The Mud And the Blood And The Beer
YESHIVAT HARA'AYON HAYEHUDI
HaRav Yehuda Kroizer SHLIT"A, Rosh Yeshiva
PARSHAT BESHALACH/TU B'SHVAT/SHABBAT SHIRA
15 Shvat 5767/2-3 February 2007
THE MUD AND THE BLOOD AND THE BEER
Almost 70 percent of adults in the U.S. are expected to watch this Sunday the “Superbowl”; that’s more than 2 out of every 3 adults, and world-wide, over 200 million viewers will tune in for the big game. Over 14,000 tons of potato chips are expected to be eaten and endless bottles of beer will be drunk. True, many will be watching for the commercials, but most will want to see who will take home the trophy. Still, this impressive figure pales in comparison to the splitting of the Reed Sea.
For at the moment of the splitting of the Reed Sea, all the waters of the world also split. From rivers to lakes to wells of all countries throughout the world, even water in people’s jars and mugs split, thus publicizing the miracle. Every single person in the world at the time knew about the miracle that was taking place. The waters in the world returned to their natural state only after the water of the Reed Sea resumed its normal course. In this way G-d’s great Name was sanctified throughout the entire world.
But it was at that grand moment, when the Jewish people were crossing the sea, that some of the Jews began to complain to one another saying: Look at this, in Egypt we were stuck in the mud all day making bricks, and here, too, we are stuck in the mud that is in the seabed. We had mud then, and we have mud now! Hashem considered these words a rebellion against Him, as it’s stated: “They rebelled against Me at Yam Suf. I shall nevertheless save them in order that My Name be sanctified” (Psalms 104). Hashem, then, in His mercy dried the mud and made the ground become firm.
How unfortunate it was that in the midst of this great miracle, there were Jews who could not see past their own noses, could not see the whole picture and were bogged down in merely contemplating their sorry state of muddy feet.
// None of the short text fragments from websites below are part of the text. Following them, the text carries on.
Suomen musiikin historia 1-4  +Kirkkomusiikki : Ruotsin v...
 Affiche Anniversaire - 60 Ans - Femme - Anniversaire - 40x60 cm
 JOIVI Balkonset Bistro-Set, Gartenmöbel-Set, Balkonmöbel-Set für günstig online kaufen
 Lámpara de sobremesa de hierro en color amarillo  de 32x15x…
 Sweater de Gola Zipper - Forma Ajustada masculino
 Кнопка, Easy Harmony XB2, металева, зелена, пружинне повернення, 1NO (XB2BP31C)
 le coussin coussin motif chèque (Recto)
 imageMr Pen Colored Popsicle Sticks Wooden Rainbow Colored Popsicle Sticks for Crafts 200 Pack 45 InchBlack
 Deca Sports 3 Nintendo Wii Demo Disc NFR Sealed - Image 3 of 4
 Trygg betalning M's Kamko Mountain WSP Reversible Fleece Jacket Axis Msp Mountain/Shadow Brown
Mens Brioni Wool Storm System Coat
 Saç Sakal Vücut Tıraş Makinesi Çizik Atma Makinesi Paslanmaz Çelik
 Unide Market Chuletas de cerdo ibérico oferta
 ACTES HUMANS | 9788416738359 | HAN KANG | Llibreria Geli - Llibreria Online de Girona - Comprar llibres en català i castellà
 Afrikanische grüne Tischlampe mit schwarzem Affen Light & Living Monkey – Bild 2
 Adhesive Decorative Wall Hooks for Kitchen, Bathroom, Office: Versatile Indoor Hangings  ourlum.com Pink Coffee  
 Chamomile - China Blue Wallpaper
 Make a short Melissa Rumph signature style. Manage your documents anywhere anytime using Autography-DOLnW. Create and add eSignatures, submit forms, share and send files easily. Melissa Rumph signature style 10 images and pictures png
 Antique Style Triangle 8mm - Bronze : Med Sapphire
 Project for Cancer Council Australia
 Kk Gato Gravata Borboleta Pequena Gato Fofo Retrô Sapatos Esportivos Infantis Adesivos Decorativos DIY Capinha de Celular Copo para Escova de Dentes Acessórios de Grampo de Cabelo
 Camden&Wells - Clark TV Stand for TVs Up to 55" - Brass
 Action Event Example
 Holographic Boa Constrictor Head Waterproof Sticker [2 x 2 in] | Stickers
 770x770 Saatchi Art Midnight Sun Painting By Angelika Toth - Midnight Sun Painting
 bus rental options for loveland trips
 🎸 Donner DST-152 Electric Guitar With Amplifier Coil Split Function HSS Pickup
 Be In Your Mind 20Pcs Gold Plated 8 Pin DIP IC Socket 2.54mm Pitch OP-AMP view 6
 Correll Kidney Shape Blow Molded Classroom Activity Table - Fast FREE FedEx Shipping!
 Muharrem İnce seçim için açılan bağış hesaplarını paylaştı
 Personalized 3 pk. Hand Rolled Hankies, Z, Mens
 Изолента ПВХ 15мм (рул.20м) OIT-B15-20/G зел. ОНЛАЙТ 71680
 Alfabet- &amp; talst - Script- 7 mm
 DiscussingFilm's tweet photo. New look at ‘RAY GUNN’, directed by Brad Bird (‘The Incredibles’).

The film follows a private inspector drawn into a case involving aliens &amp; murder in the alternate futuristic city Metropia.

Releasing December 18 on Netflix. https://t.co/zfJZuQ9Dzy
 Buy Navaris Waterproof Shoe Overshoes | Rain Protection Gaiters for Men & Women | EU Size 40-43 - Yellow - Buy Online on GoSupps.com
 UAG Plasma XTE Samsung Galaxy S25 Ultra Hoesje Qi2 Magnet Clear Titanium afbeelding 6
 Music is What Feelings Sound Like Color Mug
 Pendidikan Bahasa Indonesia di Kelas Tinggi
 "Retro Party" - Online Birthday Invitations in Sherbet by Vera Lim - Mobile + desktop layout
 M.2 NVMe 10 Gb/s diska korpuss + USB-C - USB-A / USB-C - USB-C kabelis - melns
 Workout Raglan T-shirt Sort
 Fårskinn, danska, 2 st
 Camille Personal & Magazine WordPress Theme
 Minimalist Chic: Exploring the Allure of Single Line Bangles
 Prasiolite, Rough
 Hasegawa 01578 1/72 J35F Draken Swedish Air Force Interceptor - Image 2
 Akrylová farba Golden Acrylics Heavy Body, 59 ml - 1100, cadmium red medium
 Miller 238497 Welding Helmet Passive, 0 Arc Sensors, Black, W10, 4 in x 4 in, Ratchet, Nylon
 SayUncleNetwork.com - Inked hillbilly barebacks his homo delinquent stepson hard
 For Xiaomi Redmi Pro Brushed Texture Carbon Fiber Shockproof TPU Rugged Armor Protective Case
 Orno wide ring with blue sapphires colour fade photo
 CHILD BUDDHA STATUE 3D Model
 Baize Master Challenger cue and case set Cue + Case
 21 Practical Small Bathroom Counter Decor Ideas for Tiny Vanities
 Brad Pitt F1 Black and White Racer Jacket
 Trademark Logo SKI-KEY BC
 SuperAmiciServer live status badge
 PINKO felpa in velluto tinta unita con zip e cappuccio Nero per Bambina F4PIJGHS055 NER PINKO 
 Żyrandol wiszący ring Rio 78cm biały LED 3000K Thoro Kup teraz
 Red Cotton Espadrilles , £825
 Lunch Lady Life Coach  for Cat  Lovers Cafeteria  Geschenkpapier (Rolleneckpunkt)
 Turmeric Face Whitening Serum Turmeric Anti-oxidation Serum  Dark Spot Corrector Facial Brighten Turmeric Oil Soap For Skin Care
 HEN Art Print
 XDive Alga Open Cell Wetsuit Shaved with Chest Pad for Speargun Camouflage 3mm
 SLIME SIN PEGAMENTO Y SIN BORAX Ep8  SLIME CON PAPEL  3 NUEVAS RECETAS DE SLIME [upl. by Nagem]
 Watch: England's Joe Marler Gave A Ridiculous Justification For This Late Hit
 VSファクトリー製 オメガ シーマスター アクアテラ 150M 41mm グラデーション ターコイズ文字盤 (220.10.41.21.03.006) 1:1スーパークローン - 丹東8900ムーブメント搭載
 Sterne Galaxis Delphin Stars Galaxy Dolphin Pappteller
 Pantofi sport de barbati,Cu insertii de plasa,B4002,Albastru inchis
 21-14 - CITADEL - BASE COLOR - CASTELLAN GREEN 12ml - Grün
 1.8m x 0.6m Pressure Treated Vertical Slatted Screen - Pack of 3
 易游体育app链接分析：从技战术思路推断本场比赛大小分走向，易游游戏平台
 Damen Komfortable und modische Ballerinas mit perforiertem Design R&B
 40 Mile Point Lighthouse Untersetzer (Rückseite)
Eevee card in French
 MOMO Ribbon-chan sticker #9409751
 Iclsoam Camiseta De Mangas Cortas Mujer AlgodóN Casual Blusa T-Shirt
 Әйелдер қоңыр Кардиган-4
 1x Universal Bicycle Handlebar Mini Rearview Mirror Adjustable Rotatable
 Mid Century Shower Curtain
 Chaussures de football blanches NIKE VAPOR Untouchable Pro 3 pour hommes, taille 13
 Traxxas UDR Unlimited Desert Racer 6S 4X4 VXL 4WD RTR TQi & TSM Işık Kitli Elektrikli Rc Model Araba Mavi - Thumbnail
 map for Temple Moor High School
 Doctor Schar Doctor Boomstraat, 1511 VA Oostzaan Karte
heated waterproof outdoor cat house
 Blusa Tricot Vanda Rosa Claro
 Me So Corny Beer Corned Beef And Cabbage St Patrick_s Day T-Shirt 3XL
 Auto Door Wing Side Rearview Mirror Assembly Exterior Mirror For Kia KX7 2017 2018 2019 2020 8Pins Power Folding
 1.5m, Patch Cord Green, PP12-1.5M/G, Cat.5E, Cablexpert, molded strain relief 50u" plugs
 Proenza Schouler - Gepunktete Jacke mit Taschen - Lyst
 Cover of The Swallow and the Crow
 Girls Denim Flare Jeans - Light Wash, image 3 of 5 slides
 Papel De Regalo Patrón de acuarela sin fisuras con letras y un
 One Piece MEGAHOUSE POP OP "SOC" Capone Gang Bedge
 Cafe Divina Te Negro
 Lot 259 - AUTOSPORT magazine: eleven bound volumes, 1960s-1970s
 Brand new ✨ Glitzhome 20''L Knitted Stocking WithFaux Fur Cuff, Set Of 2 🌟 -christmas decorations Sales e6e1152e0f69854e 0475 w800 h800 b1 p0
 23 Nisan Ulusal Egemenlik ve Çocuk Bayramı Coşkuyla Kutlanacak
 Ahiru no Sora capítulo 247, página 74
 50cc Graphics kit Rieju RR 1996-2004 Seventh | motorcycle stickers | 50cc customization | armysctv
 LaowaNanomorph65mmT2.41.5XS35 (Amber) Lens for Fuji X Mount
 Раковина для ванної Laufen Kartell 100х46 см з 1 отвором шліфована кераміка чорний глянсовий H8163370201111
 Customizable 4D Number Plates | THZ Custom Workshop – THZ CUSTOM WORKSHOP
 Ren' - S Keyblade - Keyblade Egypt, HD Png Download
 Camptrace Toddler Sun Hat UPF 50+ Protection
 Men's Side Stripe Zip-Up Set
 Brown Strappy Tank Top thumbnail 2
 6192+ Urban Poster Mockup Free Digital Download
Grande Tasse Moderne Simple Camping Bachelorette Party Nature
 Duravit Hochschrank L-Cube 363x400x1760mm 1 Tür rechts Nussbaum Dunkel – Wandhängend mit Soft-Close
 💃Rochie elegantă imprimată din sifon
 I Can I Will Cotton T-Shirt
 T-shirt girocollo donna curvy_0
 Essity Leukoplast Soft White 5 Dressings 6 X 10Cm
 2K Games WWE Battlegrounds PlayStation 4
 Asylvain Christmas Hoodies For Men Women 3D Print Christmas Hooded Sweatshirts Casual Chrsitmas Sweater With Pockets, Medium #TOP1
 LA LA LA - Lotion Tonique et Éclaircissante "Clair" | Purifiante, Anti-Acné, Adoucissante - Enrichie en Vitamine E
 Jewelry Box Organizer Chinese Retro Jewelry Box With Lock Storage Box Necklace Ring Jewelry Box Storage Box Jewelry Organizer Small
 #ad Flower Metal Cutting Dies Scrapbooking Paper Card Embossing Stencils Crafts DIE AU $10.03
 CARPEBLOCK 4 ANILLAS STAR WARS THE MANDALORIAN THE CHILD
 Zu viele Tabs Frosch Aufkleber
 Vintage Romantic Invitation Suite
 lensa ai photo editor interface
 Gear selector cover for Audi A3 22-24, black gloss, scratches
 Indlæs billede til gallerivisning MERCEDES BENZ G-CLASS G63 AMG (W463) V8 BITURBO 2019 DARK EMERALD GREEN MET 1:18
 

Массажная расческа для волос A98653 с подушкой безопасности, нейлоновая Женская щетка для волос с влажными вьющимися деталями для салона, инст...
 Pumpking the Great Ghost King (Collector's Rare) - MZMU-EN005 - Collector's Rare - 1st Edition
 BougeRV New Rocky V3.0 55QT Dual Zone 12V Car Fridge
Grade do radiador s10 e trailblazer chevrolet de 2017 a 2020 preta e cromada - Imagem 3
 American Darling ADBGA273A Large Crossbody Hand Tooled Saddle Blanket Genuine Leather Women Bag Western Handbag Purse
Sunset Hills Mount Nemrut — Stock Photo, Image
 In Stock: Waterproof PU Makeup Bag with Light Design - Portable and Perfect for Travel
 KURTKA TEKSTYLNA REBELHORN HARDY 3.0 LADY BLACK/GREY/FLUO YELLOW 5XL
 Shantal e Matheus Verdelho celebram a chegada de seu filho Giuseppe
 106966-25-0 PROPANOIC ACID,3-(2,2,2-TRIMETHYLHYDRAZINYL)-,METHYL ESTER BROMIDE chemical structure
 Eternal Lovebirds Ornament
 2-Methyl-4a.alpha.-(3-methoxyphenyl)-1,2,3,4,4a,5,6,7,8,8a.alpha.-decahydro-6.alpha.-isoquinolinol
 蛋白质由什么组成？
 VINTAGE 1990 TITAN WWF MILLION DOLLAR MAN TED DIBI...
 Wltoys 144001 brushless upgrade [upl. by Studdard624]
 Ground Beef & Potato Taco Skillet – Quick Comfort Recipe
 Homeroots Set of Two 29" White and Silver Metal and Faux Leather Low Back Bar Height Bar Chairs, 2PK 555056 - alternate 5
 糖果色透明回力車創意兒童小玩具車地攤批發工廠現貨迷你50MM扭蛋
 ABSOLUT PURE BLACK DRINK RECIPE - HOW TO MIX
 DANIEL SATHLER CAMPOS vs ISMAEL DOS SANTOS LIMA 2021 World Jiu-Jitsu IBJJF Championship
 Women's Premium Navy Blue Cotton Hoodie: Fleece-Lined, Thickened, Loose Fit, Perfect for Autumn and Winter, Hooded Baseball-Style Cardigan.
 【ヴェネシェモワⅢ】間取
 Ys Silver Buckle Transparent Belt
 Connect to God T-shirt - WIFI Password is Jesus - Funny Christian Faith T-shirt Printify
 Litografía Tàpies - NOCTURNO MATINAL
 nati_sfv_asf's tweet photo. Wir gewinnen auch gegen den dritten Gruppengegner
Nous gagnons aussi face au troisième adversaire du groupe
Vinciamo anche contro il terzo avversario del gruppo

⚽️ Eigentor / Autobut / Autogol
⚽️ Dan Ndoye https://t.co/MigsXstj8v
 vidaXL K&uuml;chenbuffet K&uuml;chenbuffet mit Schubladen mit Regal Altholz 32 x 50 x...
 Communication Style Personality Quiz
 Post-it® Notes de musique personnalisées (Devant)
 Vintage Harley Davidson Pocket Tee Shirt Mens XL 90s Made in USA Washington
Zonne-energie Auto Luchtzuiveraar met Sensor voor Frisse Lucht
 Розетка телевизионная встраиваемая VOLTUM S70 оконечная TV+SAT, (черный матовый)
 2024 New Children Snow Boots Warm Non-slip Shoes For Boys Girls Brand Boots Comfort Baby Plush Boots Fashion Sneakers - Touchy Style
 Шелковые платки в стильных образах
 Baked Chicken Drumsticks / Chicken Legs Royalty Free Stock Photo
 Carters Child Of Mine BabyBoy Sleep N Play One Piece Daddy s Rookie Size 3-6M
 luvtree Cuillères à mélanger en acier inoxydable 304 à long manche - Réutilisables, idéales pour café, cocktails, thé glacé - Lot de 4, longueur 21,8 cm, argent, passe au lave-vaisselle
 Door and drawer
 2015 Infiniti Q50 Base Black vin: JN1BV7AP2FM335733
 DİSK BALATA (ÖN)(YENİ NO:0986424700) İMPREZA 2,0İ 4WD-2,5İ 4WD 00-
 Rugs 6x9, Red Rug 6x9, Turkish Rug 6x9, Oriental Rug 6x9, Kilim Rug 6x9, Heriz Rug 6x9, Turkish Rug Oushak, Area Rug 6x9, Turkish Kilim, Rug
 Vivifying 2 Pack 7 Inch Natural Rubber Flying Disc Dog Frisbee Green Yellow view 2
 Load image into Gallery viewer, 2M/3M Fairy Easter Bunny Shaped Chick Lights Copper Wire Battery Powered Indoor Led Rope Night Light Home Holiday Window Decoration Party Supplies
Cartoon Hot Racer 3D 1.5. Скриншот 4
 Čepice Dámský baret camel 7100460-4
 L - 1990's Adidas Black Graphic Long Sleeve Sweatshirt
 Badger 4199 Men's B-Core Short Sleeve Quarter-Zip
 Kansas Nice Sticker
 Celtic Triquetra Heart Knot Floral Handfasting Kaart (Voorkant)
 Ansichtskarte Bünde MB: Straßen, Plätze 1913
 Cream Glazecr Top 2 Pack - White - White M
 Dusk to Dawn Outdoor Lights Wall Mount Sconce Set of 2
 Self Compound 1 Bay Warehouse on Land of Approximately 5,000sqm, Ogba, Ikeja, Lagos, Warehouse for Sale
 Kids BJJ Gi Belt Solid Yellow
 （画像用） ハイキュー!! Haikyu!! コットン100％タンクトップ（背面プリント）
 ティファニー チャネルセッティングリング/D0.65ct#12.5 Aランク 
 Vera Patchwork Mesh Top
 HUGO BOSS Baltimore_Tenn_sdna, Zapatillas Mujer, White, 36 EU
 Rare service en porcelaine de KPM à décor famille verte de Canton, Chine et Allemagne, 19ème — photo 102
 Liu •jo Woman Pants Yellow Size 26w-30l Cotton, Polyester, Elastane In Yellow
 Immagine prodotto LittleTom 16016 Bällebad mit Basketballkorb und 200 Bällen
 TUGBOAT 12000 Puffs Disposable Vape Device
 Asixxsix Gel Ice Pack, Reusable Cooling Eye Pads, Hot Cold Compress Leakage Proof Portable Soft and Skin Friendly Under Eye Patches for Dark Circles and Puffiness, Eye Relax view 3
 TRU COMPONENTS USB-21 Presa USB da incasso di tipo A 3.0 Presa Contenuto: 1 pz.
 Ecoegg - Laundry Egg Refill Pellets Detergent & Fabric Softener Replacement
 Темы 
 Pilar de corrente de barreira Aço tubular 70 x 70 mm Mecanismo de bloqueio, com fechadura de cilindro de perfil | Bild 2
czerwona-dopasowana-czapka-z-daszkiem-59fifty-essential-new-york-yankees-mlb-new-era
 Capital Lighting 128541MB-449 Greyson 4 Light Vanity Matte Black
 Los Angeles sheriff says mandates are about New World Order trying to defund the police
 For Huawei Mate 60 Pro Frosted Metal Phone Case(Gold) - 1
Ours is the generation of the Redemption. After wandering from place to place as unwanted guests of the nations of the world, Hashem in His mercy brought us home. Still, many of us still want to see the mud on our feet, instead of seeing that we are walking through the sea. The “Chafetz Chaim”, commenting on the Redemption process, wondered how it was possible that two people could be at the same place and look at the same scene, but come to two totally different conclusions. One will see a tree, a house, a road but nothing that connects them, while the other fellow, looking at the same picture, will see how the towns and villages are being rebuilt and resettled and how all are returning home.
Today we still have too many people looking at the mud on their feet and complaining "Oy, how muddy are my feet", and who don't see the historic times that we are living in, and how Hashem is taking us through the sea at this very moment. In this process of Redemption, there is mud and blood but we must not focus on our dirty feet – instead, we must rise above and see the whole picture before our eyes.
The Talmud teaches us that the generation that left Egypt were people of little faith: "The Jews cried out, that just as we came out of the Sea the Egyptians will surely come out at a different spot and will chase us." For this reason, Hashem, in His great mercy, had the sea spit out the Egyptians' corpses so that the Jews could see them and know that they were all killed. Were it not for Hashem’s own Namesake, which He has tied to the Jewish people, all of us would have been lost.
In our day there is mud in this process that we are in, and at times a lot of it, but only a fool would be looking down at the mud and worrying about it being on his very expensive shoes. Instead, at the same time we should be looking up at the light, which is growing brighter every day at the end of the tunnel.